Please keep pictures out and return the lines below exactly, from the one holding "新款直销户外露营天幕沙滩遮阳加厚黑胶天幕牛津布便携式加大黑胶" through the last, both included.

[Opening Provided data section]

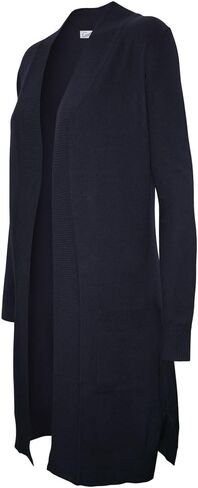Cielo Women's Solid Basic Long Line Open Front Pockets Knit Sweater Cardigan in Saudi Arabia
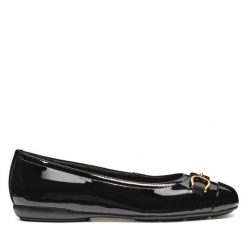 Baleriny Geox. Czarne baleriny damskie Geox, bez wzorów, bez obcasa. Za 389.99 zł.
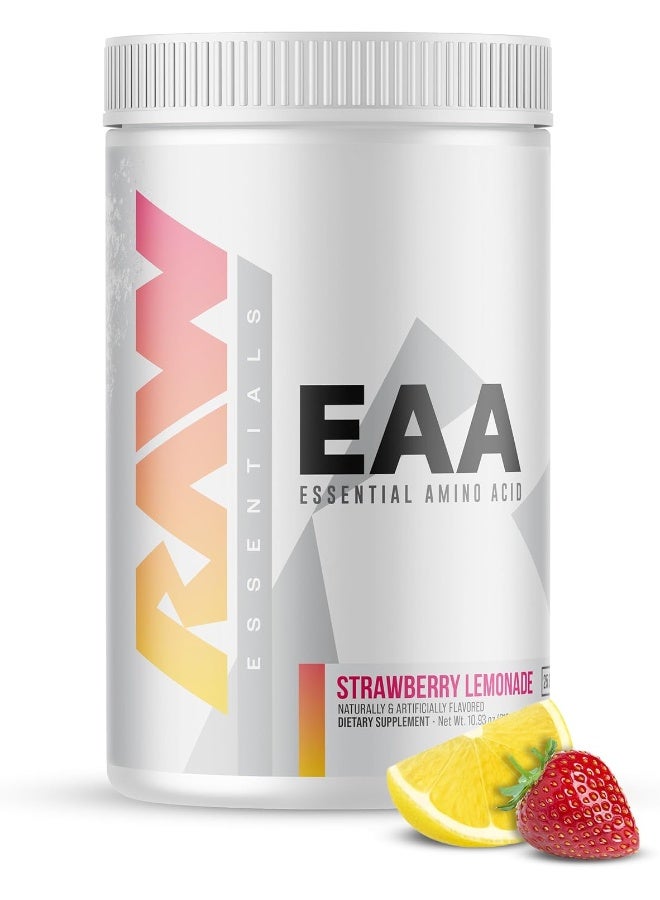 Raw RAW EAA Amino Acids Powder, Strawberry Lemonade (25 Servings) - Pre Workout Amino Energy Powder for Strength, Endurance, Recovery & Lean Muscle Growth - BCAA Amino Acids Supplement for Men & Women  - Image 1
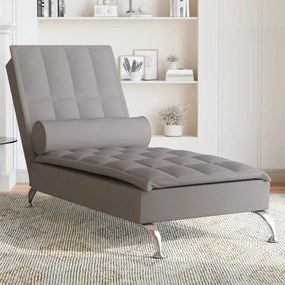 Chaise lounge de massagem com rolo tecido cinza-acastanhado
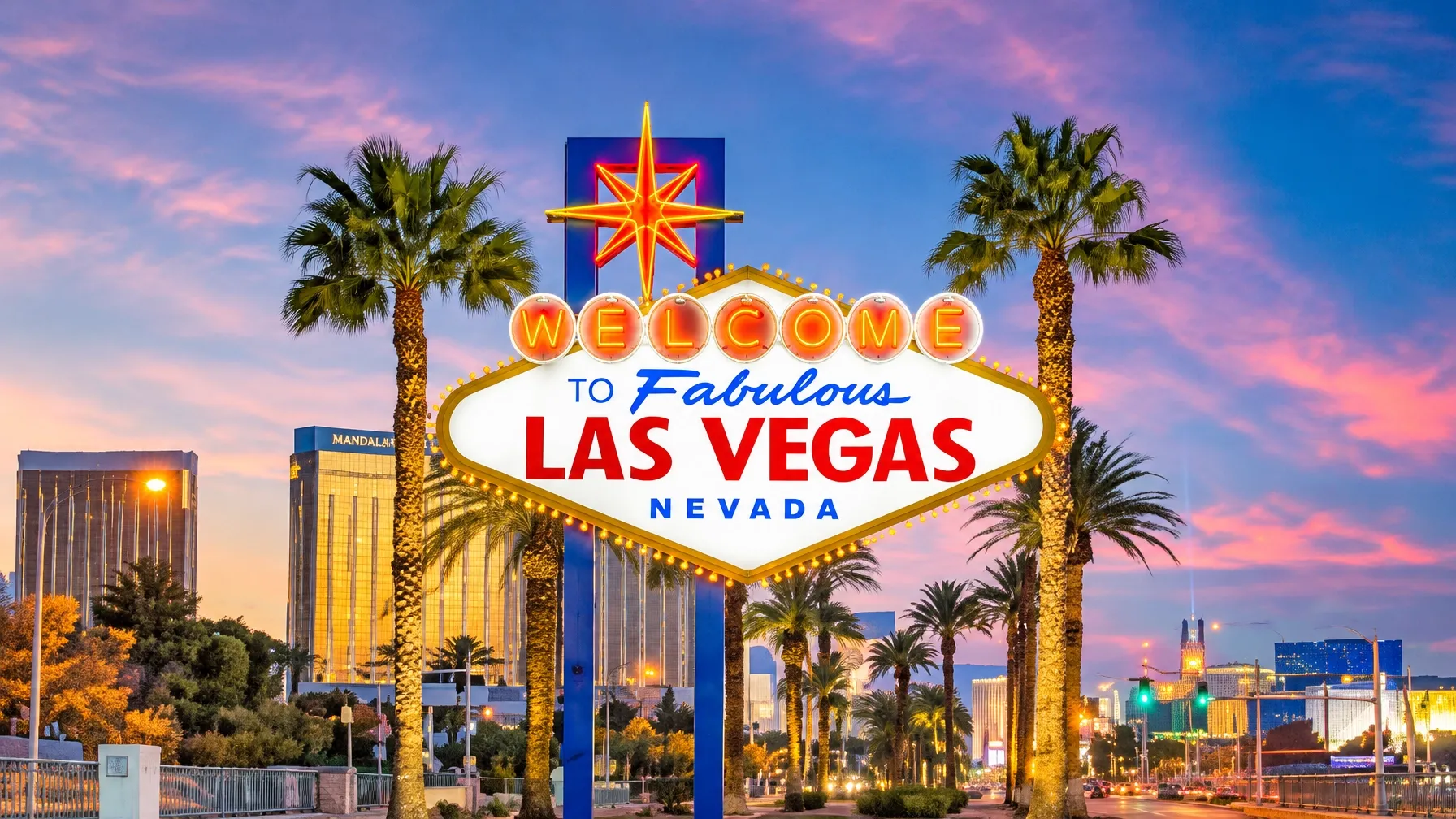 The Welcome to Fabulous Las Vegas sign at dusk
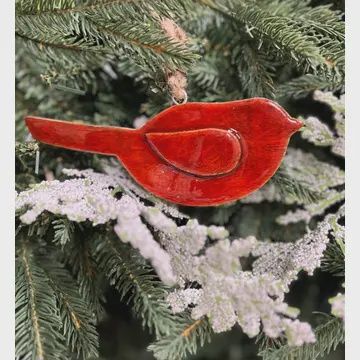 Red Wooden Cardinal Ornament 6&quot;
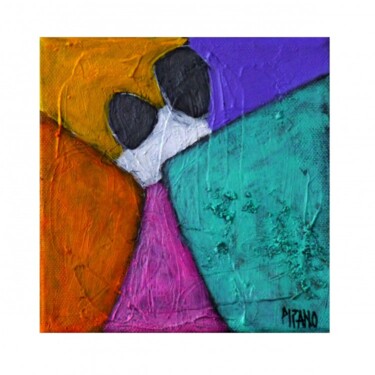 Painting titled "Lune de miel 1 -  E…" by Jacqueline Pizano, Original Artwork, Acrylic Mounted on Wood Stretcher frame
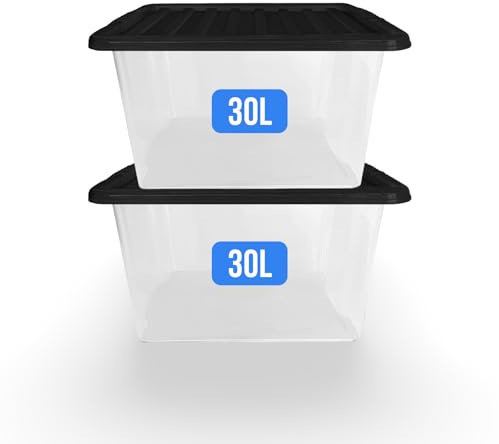KAPCO Stackable Storage Boxes with Lids (30L, 2-Pack) | Clear Plastic Containers for Toys, Clothes, Shoes | Heavy-Duty Tub for Home, Office, Garage, Loft Storage Solution | Secure Snap-On Black Lid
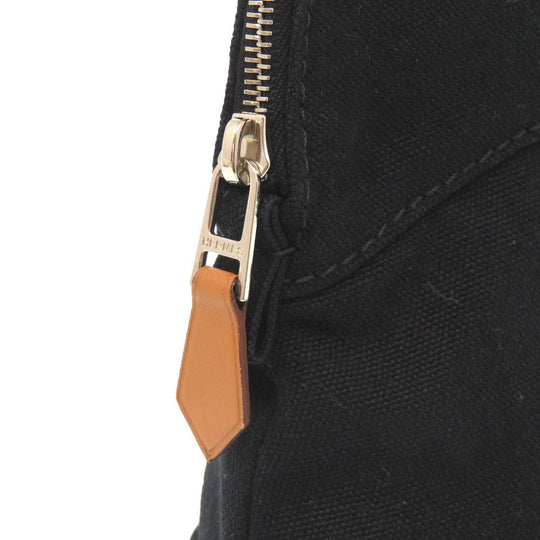 HERMES Pouch cotton black Bored pouch 25 MM Women Used Authentic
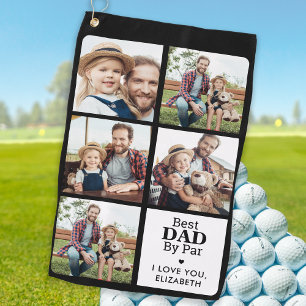 Best DAD By Par - Personalised 5 Photo Collage Golf Towel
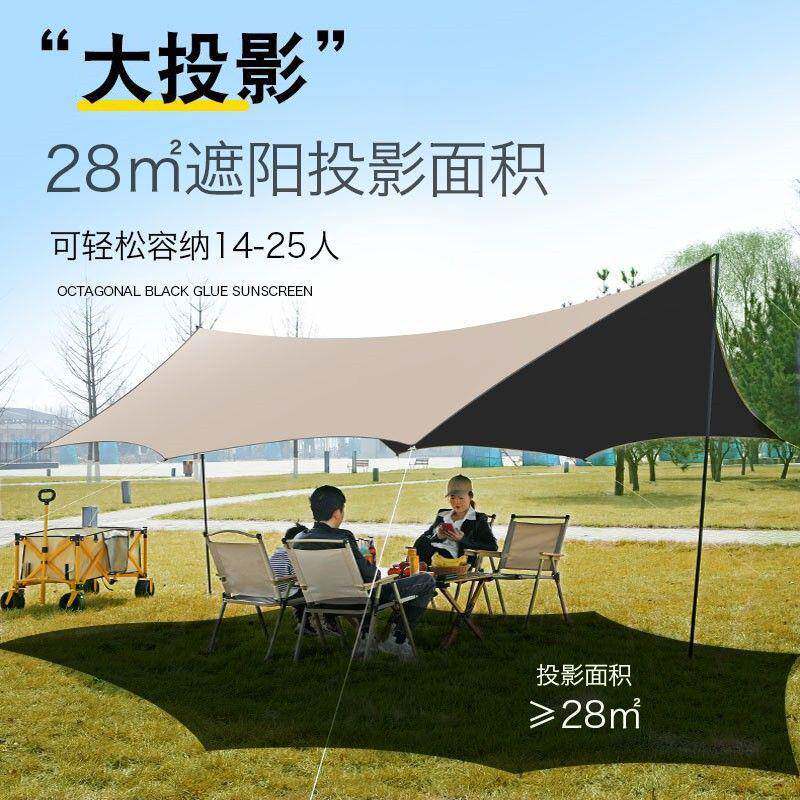 新款直销户外露营天幕沙滩遮阳加厚黑胶天幕牛津布便携式加大黑胶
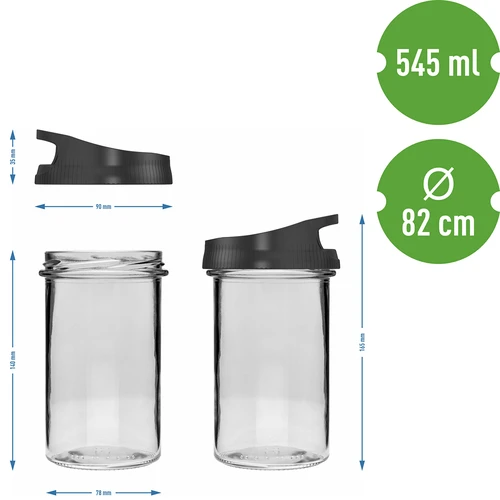 Glass container, 545 ml, with a lid for hanging - 5 ['container', ' container', ' glass container with cap', ' glass container for hanging', ' cap with handle', ' container for hanging', ' container for spices', ' container for loose products', ' innovative cap', ' container container 545 ml']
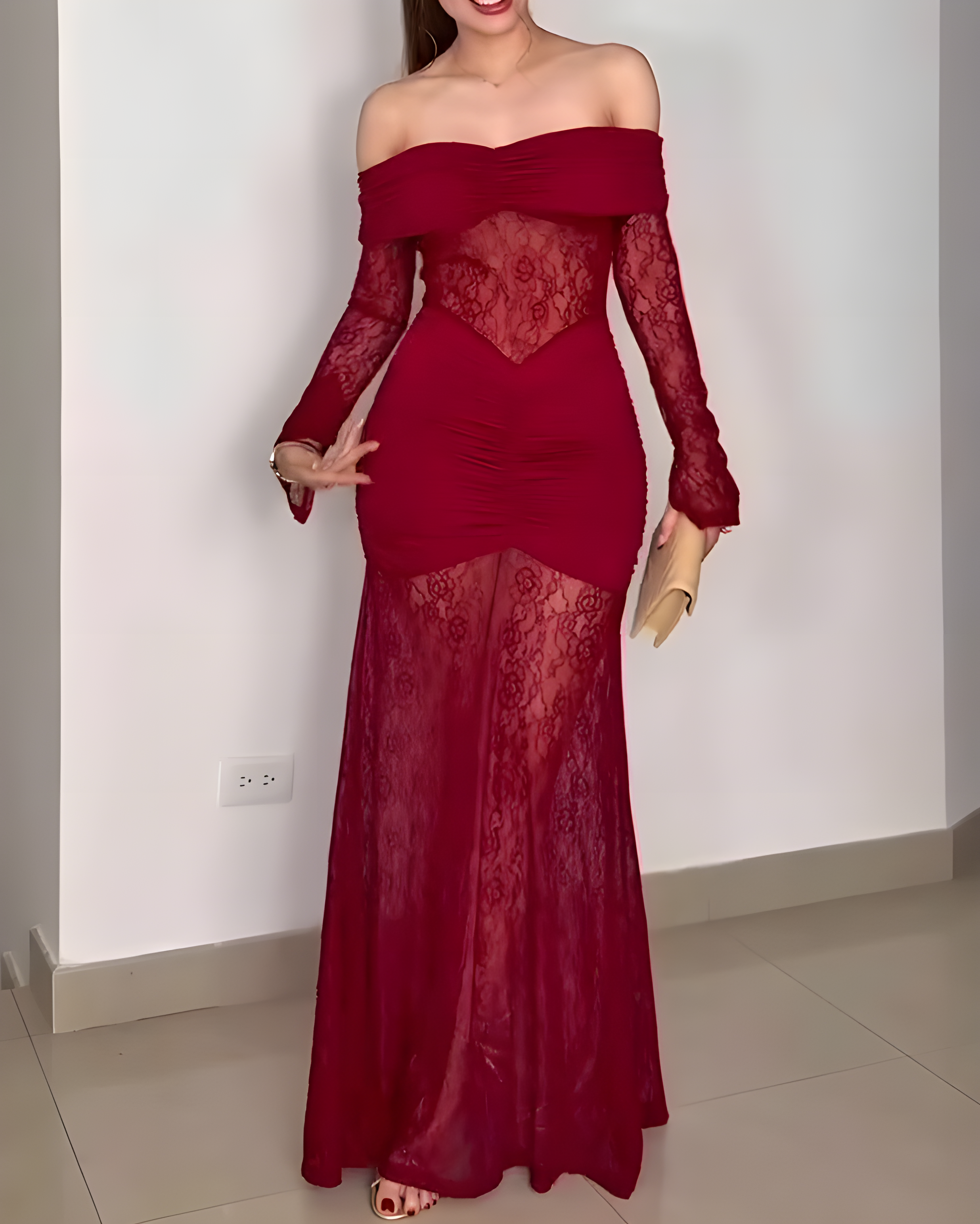 Lace Off-Shoulder Slit Long-Sleeved Dress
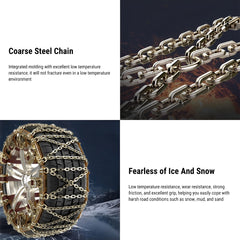 Cross Shaped Snow Chains – Universal Fit for All Cars (205-255mm)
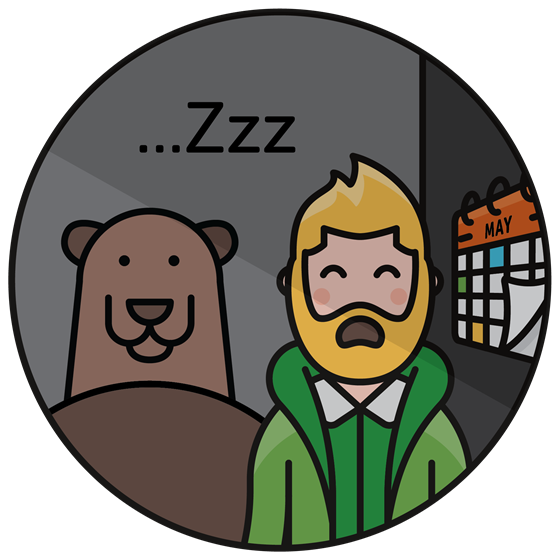 a cartoon of a man and a bear sleeping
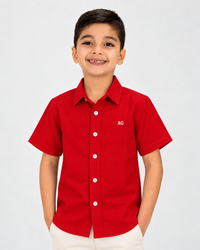 Camisa de niño manga corta roja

[Closing Provided data section]

■ Answer area ■
 新款直销户外露营天幕沙滩遮阳加厚黑胶天幕牛津布便携式加大黑胶
 Glass container, 545 ml, with a lid for hanging - 5 ['container', ' container', ' glass container with cap', ' glass container for hanging', ' cap with handle', ' container for hanging', ' container for spices', ' container for loose products', ' innovative cap', ' container container 545 ml']
 Lace Off-Shoulder Slit Long-Sleeved Dress
 Cross Shaped Snow Chains – Universal Fit for All Cars (205-255mm)
 a cartoon of a man and a bear sleeping
 Camisa de niño manga corta roja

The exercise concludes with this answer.